_Task goal_:
The material below holds pictures, which are to be left out; copy exactly the lines from the one with "Woman wearing a" through the one with "May include: A".

_Source data_:

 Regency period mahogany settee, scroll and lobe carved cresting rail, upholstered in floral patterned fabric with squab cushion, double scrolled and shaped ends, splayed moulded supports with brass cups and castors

--

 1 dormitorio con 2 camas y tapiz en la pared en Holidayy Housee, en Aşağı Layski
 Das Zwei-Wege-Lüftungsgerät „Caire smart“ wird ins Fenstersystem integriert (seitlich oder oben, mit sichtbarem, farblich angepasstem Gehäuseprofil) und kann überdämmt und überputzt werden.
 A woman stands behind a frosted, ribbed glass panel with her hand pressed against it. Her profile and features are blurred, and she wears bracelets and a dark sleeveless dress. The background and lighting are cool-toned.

==

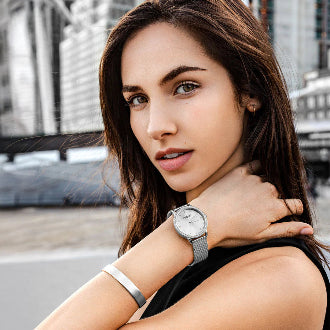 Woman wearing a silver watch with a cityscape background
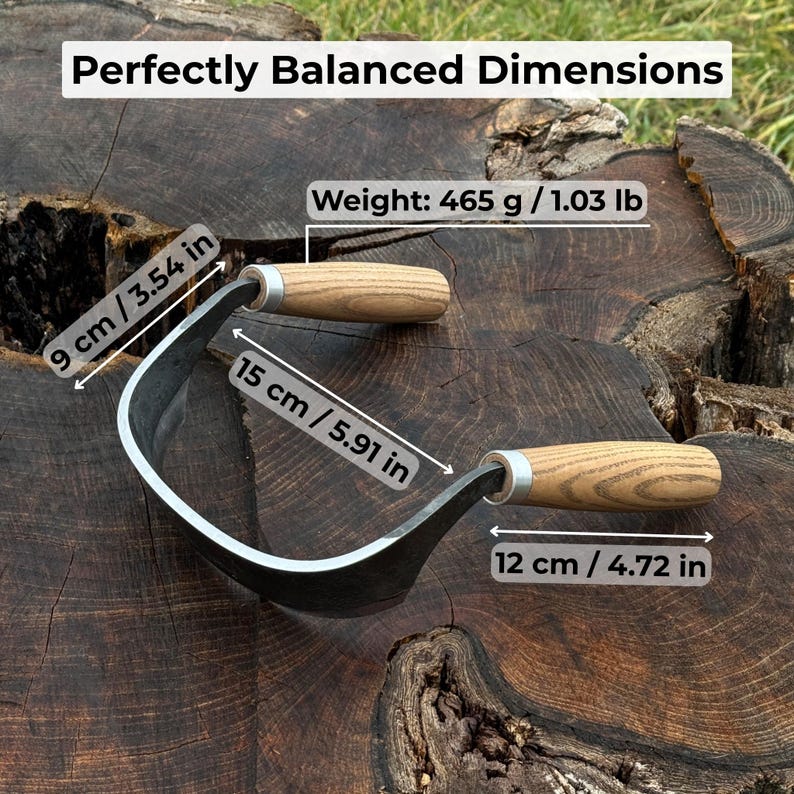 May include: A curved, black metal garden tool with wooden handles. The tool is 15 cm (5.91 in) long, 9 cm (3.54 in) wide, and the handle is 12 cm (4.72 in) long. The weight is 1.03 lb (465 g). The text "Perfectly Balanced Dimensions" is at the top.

_Output of the exercise_:
 Woman wearing a silver watch with a cityscape background
 May include: A curved, black metal garden tool with wooden handles. The tool is 15 cm (5.91 in) long, 9 cm (3.54 in) wide, and the handle is 12 cm (4.72 in) long. The weight is 1.03 lb (465 g). The text "Perfectly Balanced Dimensions" is at the top.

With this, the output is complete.